В разложении, охватившем собой весь ансамбль духовного и материального общения — разложении, связанном с требованиями общества потребления — фаза обесценения диверсии в своём роде была начата и обусловлена историческими условиями. Негативность, инкрустированная в фактическую реальность, также ассимилирует диверсию в тактику преодоления, в позитивный, по сути, акт.

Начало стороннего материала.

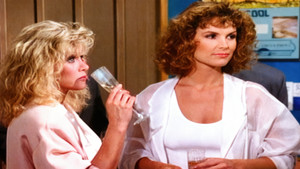 Knots Landing 9. évad Ep.9 9. epizód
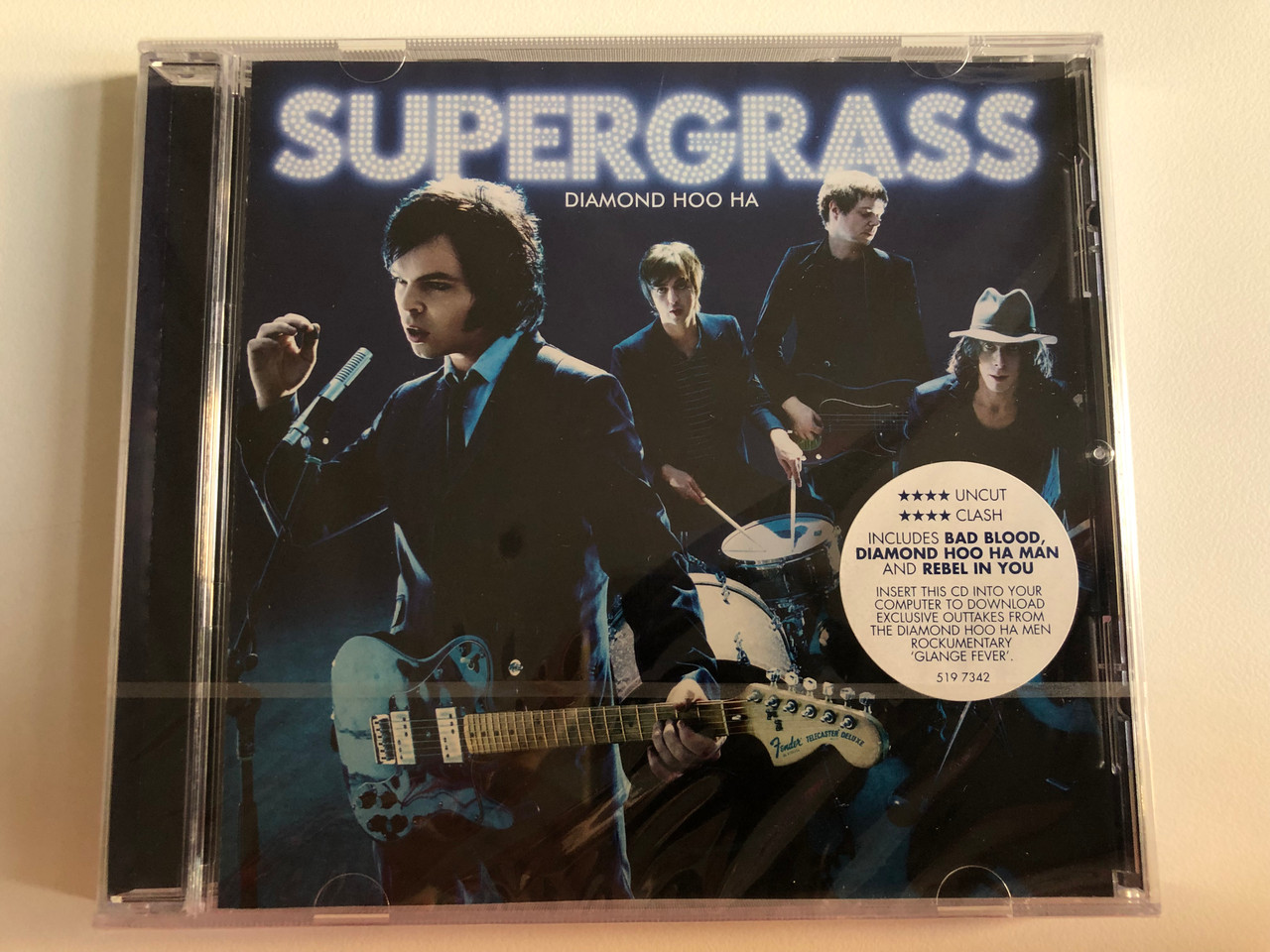 https://cdn10.bigcommerce.com/s-62bdpkt7pb/products/0/images/197808/Supergrass_Diamond_Hoo_Ha_Includes_Bad_Blood_Diamond_Hoo_Ha_Man_and_Rebel_In_You_Parlophone_Audio_CD_2008_519_7342_1__16100.1635789203.1280.1280.JPG?c=2&_gl=1*g88pdt*_ga*MjA2NTIxMjE2MC4xNTkwNTEyNTMy*_ga_WS2VZYPC6G*MTYzNTc4NDc2OC4xNTAuMS4xNjM1Nzg4OTEzLjM1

Если изобилие потребительских товаров приветствуется повсюду как счастливая эволюция, социальное использование этих товаров, как известно, портит их пользу. Потому что удобство — это в первую очередь предлог для прибыли при капитализме и при капиталистических режимах, оно не может быть использовано иначе. Идеология потребления действует как дефект его фабрикации, она саботирует завёрнутый в неё товар; она вводит новое рабство в материальное благополучие. В этом контексте, диверсия вульгаризует другой способ использования, она изобретает высшую пользу, в которой субъективность в своих интересах манипулирует тем, что продаётся ей для того, чтобы манипулировать ей. Кризис зрелища обрушивает силы лжи в поле живой истины. Искусство обращения против врага оружия, которое он сам обязан распространять по коммерческой необходимости является основным вопросом стратегии и тактики. Методы диверсии надо распространять как Азбуку потребителя, который желает перестать быть таковым.

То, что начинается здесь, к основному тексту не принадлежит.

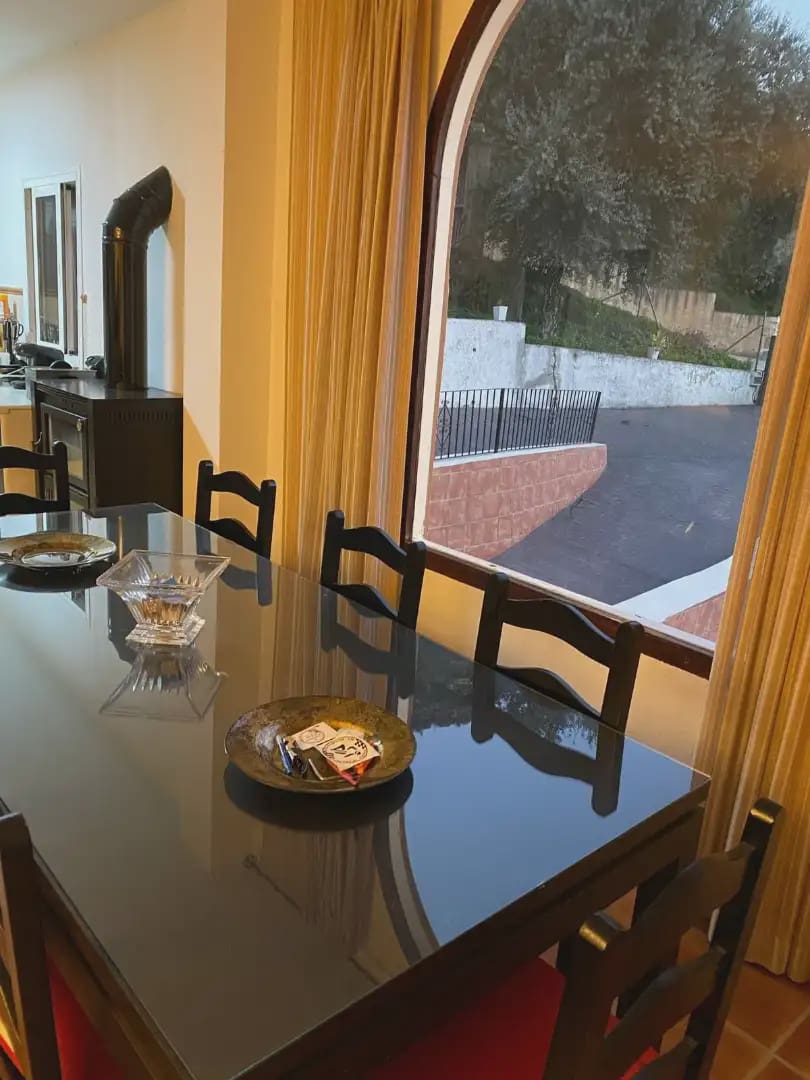 Finca/Casa di Campagna in vendita in Estepona - 800.000 € (Rif: 10016629)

Диверсия, которая сотворила своё первое оружие в искусстве, стала теперь искусством использования всех видов оружия. Появившись впервые в движениях культурного кризиса в 1910–25 гг., она постепенно распространилась на ансамбль всех секторов затронутых разложением. Завтра искусство предложит новым техникам подрывной деятельности поле ценных экспериментов; и из прошлого надо извлекать уроки. Так, операция преждевременного инвестирования, к которой пришли сюрреалисты, придавая совершенно ценностный контекст дадаистским антиценностям, несовершенным образом сведённым к нулю, хорошо показывает, что попытка строить, отталкиваясь от плохо обесцененных элементов, всегда приводит к интеграции доминирующими механизмами социальной организации. «Комбинаторное» отношение современных кибернетиков к искусству доходит до гордого накопления незначительных разрозненных элементов, которые не были обесценены вовсе. Поп—арт и Жан—Люк Годар — это апология свалки.

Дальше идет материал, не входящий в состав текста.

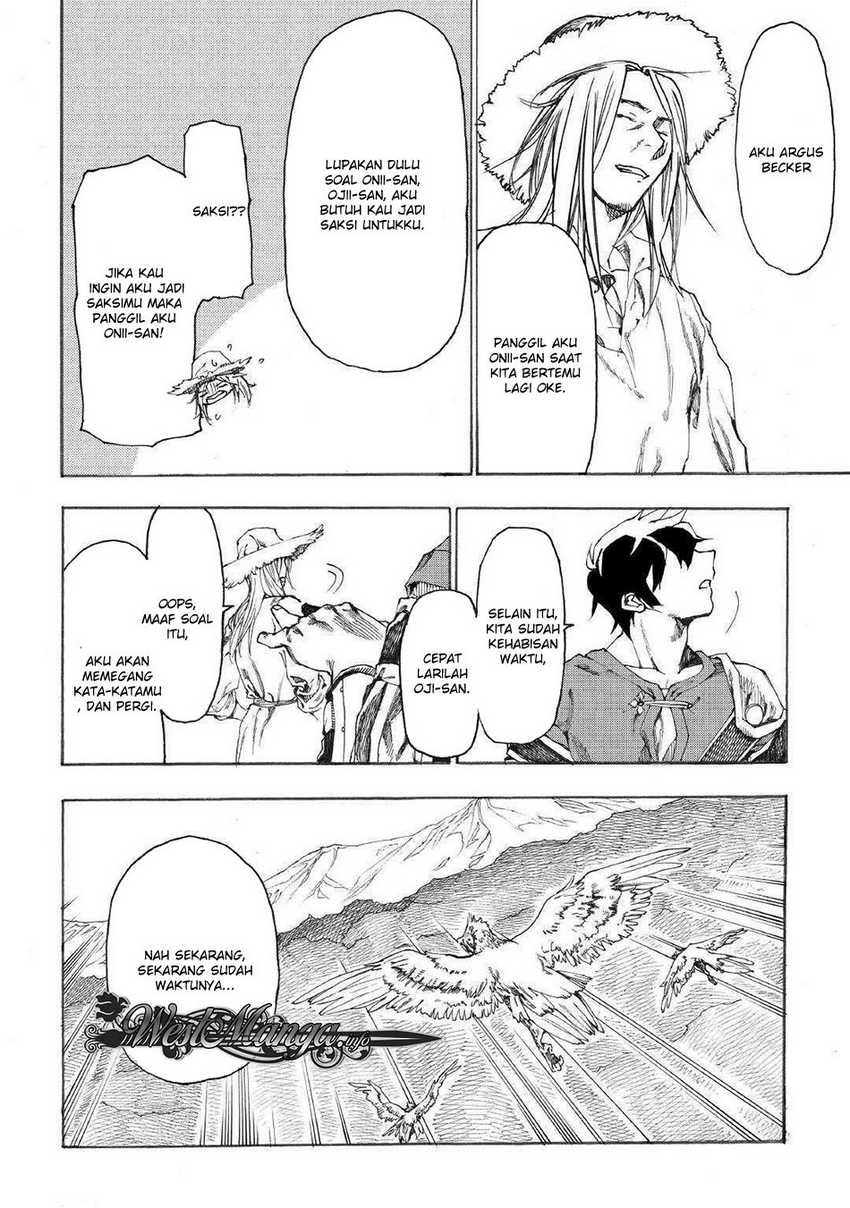 Chapter 15 - halaman 9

Художественное выражение позволяет в равной степени искать, наощупь и благоразумно, новые формы агитации и пропаганды. В данном порядке идей, работы Мишеля Бернштейна в 1963–м (модельная штукатурка, с инкрустированными миниатюрами свинцовых солдатиков, машин, танков…) призывали, под такими названиями, как «Победа банды Бонно», «Победа Парижской Коммуны», «Победа рабочих Советов Будапешта», исправить определённые события, искусственно замороженные в прошлом; переписать историю рабочего движения и, в то же время, реализовать искусство. Какой бы ограниченной она ни была, какой бы спекулятивной она ни оставалась, подобная агитация открывает дорогу творческой спонтанности всех, хотя бы и путём проб и ошибок, в особенно сфальсифицированном секторе, потому что диверсия является единственным языком, единственным действием, несущим в себе свою самокритику.

У творчества нет пределов, диверсиям нет конца.